Meteorological Architecture
The building industry is one of the main culprits in global warming because the burning of fossil fuels to heat or cool dwellings is the source of nearly 50% of greenhouse gas emissions. Following some resistance and procrastination the whole industry is now mobilized in favor of sustainable development and arguing for improved heat insulation on outside walls, the use of renewable energies, consideration for the whole life cycle of materials and more compact building designs.
It is clear that these steps all have a definite objective, which is to combat global warming by reducing CO2 emissions. But over and above that goal, beyond such socially responsible and ecological objectives, might not climate be a new architectural language, a language for architecture rethought with meteorology in mind? Might it be possible to imagine climatic phenomena such as convection, conduction or evaporation for example as new tools for architectural composition? Could vapor, heat or light become the new bricks of contemporary construction?

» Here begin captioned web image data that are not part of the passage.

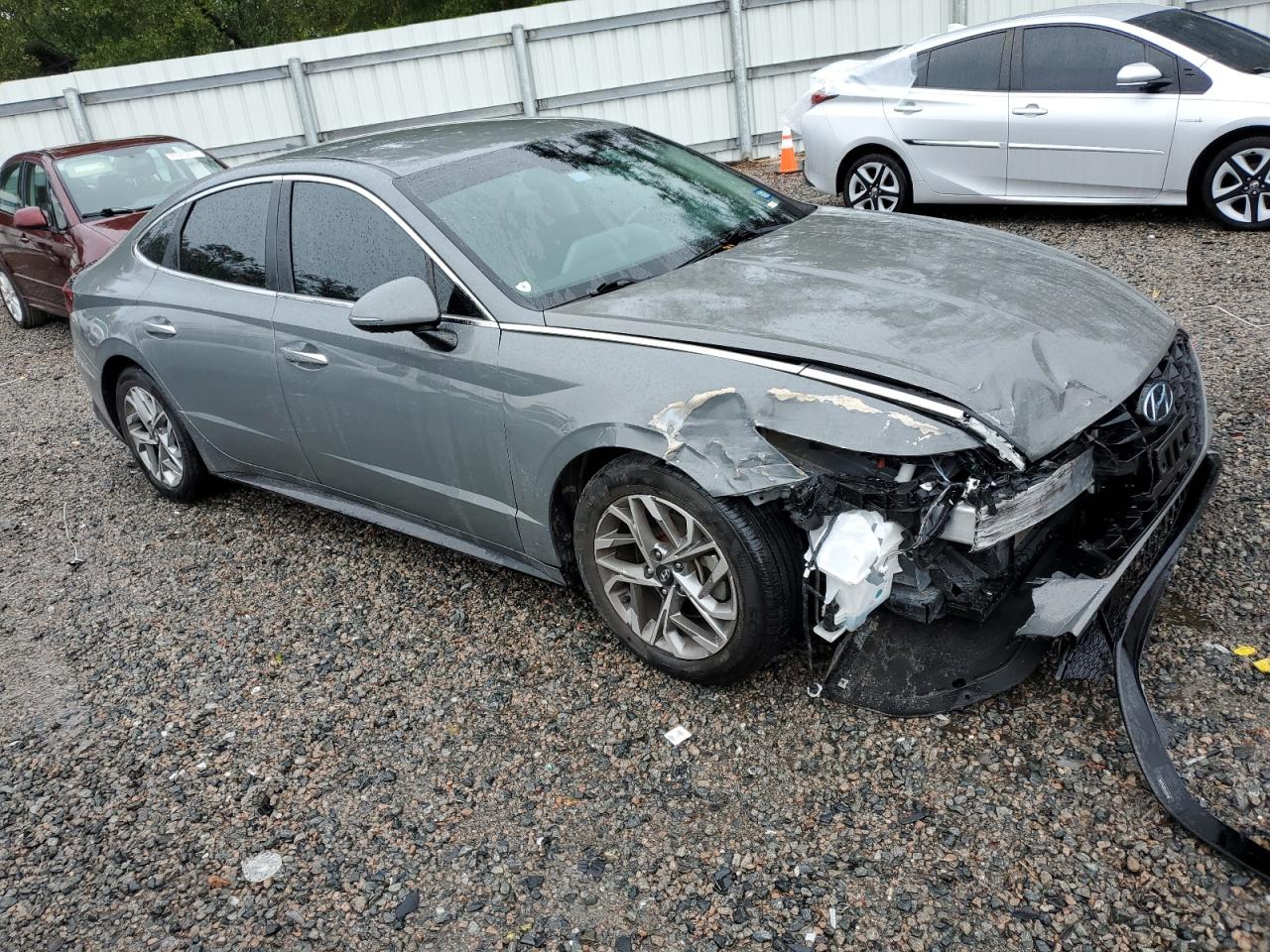 2020 Hyundai Sonata VIN 5NPEF4JA5LH060690 Copart auction photo, front end damage thumbnail 4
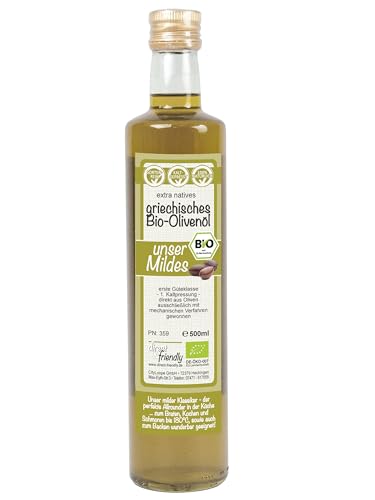direct&friendly Griechisches Bio Olivenöl mild, extra nativ - aus der Region Mani (500 ml) von direct&friendly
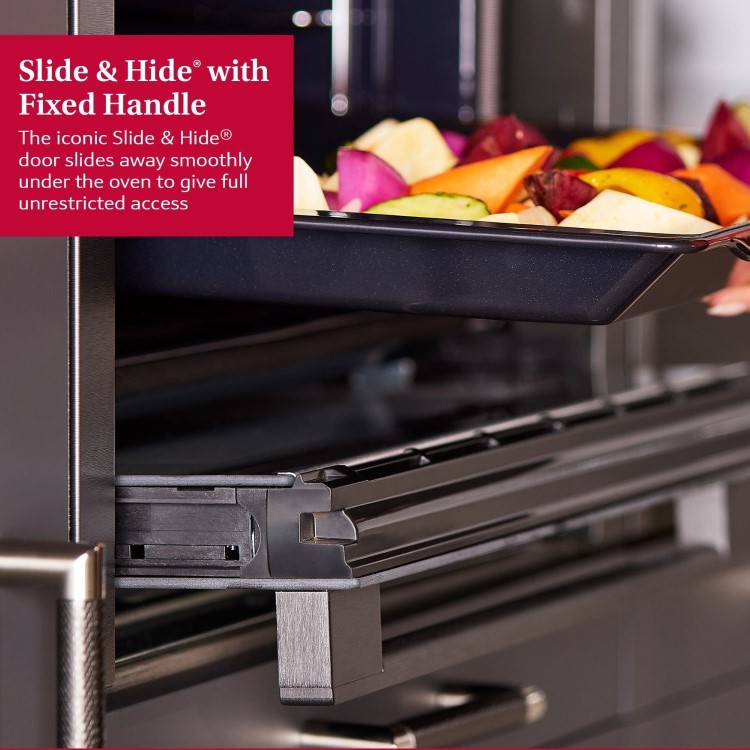 Refurbished Neff N50 B3ACE4AG3B Slide and Hide Electric Single Oven - Graphite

Climate change is forcing us to rethink architecture radically, to shift our focus away from a purely visual and functional approach towards one that is more sensitive, more attentive to the invisible, climate-related aspects of space. Slipping from the solid to the void, from the visible to the invisible, from metric composition to thermal composition, architecture as meteorology opens up additional, more sensual, more variable dimensions in which limits fade away and solids evaporate. The task is no longer to build images and functions but to open up climates and interpretations. At the large scale, meteorological architecture explores the atmospheric and poetic potential of new construction techniques for ventilation, heating, dual-flow air renewal and insulation. At the microscopic level, it plumbs novel domains of perception through skin contact, smell and hormones. Between the infinitely small of the physiological and the infinitely vast of the meteorological, architecture must build sensual exchanges between body and space and invent new aesthetical approaches capable of making long-term changes to the form and the way we will inhabit buildings tomorrow.